About us

 
gtr's picture
Global Telelanguage Resources (GTR)

Global Telelanguage Resources (GTR) is an ongoing experimental art project directed by two artists/writers (David Ayre and Andrew Klobucar ) who work exclusively in digital media. The primary objective of each GTR work is to explore creatively different theoretical and aesthetic directions in digital technology as both a field of writing and mode of literary production/distribution. Parallel with most western processes of modernisation, technologies of writing or signification remain highly dependent, both politically and culturally, on how particular societies process, produce and distribute knowledge. It is within this context that each GTR project prioritises the creation of new forms of representation, i.e., new instruments of language, over any simulated product or art piece. Through the actual construction and application of different methodologies of writing, GTR hopes to draw its audience's collective attention to the vital significance of technological formats in the everyday creation of cultural meaning. To understand more fully how concepts of modern culture and social reasoning continue to evolve, one must consider the forms of representation and organisation that inevitably allow these concepts to cohere.  At the centre of GTR's work, accordingly, is the construction of different media platforms able to simulate the various ways writing organises itself technologically as a mode of representation and thus as a social discipline able to authorise and regulate cultural skills, attitudes and even moral values.

 
dayre's picture
David Ayre

David Ayre is a writer and software engineer living in Vancouver, Canada. Throughout the 1990’s, David was an active member in Vancouver’s writing community. Through his CJSF radio show birthmark, David recorded dozens of literary events, interviewing numerous writers from Vancouver and North America. His work at the Kootenay School of Writing, a non-profit artist run writing center of which David was a collective member from 1991-1995, involved event planning, promotion, funding acquisition and day to day administration. He was responsible for KSW’s first web site which archived the organizations events for the four year period. He also initiated one of the first RealAudio web broadcasts of Vancouver writers, an event featuring Michael Turner and Deanna Ferguson. From 1995-1997 he created two small presses, treeplantsink and Lounge press, publishing the works of Vancouver writers Lisa Robertson, Lissa Wolsak, Naomi Foyle and Kimberly Klass. In 1997, David began the conceptual art project Global Telelanguage Resources (GTR) with fellow Vancouver writer Andrew Klobucar. The project makes use of a fictional corporate identity to explore creatively different theoretical and aesthetic directions in digital technology as both a field of writing and mode of literary production/distribution. His current interests lie in leveraging the recent advancements in Computational Linguistics to further the exploration of writing and digital technology. The arena for this exploration is the development of the GTR Language Workbench, a software application for the generation, transformation and analysis of natural language texts.
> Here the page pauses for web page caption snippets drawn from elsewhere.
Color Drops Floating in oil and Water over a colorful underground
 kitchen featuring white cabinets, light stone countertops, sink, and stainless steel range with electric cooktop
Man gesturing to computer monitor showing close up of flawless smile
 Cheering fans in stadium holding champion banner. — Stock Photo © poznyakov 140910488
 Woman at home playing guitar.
David holds a BSc in Computing Science with a specialization in software engineering from Simon Fraser University. 

 
aklobucar's picture
Andrew
Andrew Klobucar is a Vancouver based writer, who currently teaches full-time in the English Department at Capilano College, North Vancouver, BC. For the past ten years, he has worked extensively within Vancouver’s prominent writing and visual art communities. As a member of the Kootenay School of Writing collective, he has participated in and helped organise various distinguished reading programmes, lecture series, residences and panel discussions with such writers as Charles Bernstein, Nathaniel Mackey, Nicole Brossard, Lisa Robertson, Robin Blaser, Susan Howe and Steve McCaffery among others. He continues to work on the conceptual art/writing project, Global Telelanguage Resources, with fellow Vancouver-based writer, David Ayre. The project explores creatively and academically different theoretical and aesthetic directions in digital technology as both a field of writing and mode of literary production/distribution. Klobucar holds a Ph.D. in English Literature from the University of BC, where he completed a thesis on the poetry of Charles Olson and ecological politics. Since 1996, he has continued to publish a wide assortment of academic papers on contemporary North American poetry, including, Writing Class (1999), a history of the Kootenay School of Writing between the years 1983 and 1992.